Version française
Home     About     Download     Resources     Contact us    
Browse thread
Search for the smallest possible possible Ocaml segfault....
[ Home ] [ Index: by date | by threads ]
[ Search: ]

[ Message by date: previous | next ] [ Message in thread: previous | next ] [ Thread: previous | next ]
Date: -- (:)
From: pierre.weis@i...
Subject: Re: [Caml-list] STOP (was: Search for the smallest possible possible Ocaml segfault)
Hello world,

> Segfaults in OCaml are seldom, but nevertheless
> those seldom seen segfaults should be fixed.
> 
> The original poster stated out that the bug he
> posted was four months on status "new".
> 
> This was a littlebid astonishing, and possibly
> the reason why this thread was started.

I think this is my fault: I implemented Scanf in the first place.

May be some of you missed the point in the segfault example involving Scanf
that was given on this list: the example involves using positional parameters
in the string argument passed to sscanf and using meta format specifications
in the format string argument.

Positional parameters:
----------------------

Positional parameters are parameters number specifications that allows format
strings to refer to another parameter than the next in the presentation
order. This is supposed to be useful for internationalization where you can
change the printing order of the parameters to reflect the translation.

This new feature has only been introduced in the documentation for Printf
just after the successful correction of the long standing strange behaviour
of printf with respect to partial evaluation.

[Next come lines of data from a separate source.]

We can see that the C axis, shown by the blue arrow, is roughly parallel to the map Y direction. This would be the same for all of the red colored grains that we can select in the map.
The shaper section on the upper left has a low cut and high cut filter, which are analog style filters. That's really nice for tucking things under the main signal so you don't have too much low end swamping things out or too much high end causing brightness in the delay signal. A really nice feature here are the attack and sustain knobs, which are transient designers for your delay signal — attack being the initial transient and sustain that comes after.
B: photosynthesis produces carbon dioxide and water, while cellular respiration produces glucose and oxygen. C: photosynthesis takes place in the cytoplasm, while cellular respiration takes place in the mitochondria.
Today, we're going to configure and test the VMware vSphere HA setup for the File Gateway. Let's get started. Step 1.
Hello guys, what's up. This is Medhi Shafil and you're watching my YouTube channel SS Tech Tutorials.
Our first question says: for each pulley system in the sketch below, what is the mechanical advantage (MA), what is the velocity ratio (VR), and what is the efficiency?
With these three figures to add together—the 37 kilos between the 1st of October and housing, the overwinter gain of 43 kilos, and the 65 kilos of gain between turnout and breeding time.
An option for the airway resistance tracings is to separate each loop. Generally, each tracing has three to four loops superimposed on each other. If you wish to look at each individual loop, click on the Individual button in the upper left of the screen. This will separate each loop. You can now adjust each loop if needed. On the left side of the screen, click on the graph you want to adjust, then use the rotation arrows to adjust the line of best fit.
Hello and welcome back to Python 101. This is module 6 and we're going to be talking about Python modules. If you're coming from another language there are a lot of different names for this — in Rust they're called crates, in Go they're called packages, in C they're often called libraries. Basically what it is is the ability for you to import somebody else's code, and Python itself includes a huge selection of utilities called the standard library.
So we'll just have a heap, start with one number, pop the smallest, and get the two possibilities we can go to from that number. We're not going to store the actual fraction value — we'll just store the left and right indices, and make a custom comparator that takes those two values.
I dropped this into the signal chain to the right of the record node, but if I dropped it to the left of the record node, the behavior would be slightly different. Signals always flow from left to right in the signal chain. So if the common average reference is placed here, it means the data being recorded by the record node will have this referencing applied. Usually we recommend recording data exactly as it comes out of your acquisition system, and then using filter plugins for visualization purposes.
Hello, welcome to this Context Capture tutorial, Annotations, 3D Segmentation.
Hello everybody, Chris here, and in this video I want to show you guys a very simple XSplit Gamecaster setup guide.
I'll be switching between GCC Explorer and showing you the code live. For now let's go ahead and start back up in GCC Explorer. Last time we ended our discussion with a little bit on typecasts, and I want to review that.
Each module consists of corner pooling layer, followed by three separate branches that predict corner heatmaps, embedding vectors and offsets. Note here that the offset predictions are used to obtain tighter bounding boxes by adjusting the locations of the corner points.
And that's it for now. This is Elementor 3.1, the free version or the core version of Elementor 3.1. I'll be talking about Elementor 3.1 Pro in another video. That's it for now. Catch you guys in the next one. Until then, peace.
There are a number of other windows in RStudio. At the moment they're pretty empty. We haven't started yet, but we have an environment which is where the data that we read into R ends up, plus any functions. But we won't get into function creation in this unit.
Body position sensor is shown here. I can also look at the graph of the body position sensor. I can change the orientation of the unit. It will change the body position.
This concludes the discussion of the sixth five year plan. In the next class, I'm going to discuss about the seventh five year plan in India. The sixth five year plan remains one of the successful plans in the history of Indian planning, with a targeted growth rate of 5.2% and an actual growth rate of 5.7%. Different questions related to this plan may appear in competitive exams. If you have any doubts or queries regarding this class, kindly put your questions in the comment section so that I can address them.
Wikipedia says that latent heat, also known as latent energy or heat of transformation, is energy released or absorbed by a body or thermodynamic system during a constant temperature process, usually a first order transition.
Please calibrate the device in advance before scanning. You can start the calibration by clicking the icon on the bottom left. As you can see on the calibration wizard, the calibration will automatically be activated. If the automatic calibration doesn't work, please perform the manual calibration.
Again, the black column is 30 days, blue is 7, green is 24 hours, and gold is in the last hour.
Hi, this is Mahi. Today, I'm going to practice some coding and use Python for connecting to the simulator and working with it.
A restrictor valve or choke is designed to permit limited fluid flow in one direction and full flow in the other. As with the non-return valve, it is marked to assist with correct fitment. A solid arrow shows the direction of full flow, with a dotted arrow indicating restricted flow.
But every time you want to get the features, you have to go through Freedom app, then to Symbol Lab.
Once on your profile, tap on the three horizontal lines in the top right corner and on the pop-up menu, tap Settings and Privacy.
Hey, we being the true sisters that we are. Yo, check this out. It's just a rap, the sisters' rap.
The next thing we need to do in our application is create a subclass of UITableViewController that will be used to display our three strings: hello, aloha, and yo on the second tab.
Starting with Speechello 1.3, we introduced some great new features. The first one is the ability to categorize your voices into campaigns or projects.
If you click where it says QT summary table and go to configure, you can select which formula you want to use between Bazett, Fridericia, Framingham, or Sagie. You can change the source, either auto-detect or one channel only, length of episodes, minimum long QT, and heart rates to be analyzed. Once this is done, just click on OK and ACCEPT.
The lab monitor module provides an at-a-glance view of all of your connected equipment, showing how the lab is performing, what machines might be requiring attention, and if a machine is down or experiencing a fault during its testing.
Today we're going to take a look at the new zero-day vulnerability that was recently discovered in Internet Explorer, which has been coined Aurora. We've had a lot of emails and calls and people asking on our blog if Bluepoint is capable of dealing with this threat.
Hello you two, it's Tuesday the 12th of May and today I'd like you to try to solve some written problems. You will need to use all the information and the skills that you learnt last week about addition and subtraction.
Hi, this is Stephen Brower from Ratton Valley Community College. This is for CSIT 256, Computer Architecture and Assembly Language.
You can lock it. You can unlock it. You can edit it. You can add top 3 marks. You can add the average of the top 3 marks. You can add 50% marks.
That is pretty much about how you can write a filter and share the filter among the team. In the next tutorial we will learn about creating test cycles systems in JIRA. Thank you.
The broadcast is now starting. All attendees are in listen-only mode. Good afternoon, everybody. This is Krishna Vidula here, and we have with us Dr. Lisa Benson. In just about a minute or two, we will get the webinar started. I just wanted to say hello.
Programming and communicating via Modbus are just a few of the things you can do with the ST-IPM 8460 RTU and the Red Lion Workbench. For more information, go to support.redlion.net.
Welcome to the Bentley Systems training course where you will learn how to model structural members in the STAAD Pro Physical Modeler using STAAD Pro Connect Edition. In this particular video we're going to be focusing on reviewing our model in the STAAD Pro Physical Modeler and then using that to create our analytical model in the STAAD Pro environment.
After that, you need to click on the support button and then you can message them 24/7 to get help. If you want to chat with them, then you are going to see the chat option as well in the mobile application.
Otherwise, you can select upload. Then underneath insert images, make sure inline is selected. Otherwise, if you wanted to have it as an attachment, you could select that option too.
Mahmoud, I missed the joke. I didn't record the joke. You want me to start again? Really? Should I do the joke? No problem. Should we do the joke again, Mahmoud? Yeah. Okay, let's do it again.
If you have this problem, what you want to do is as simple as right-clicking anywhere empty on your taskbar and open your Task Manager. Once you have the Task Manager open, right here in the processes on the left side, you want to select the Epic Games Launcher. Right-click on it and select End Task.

Positional parameters have
never been mentioned in the Scanf documentation and Scanf is not supposed
to supported them.

To say the least, this feature is still experimental and not yet completely
implemented in the current sources of the compiler. In fact, the typechecker
abruptely rejects format strings with positional parameters, as exemplify
here:

# Printf.printf "%2$i %1$s" "toto" 1;;
Bad conversion %$, at char number 0 in format string ``%2$i %1$s''

As mentioned above, Scanf is not supposed to handle positional parameters,
and indeed rejects them at runtime in the format string (this could seem
overkill, given that the type-checker rejects positional parameters in the
first place, but well, 2 checks are better than one!).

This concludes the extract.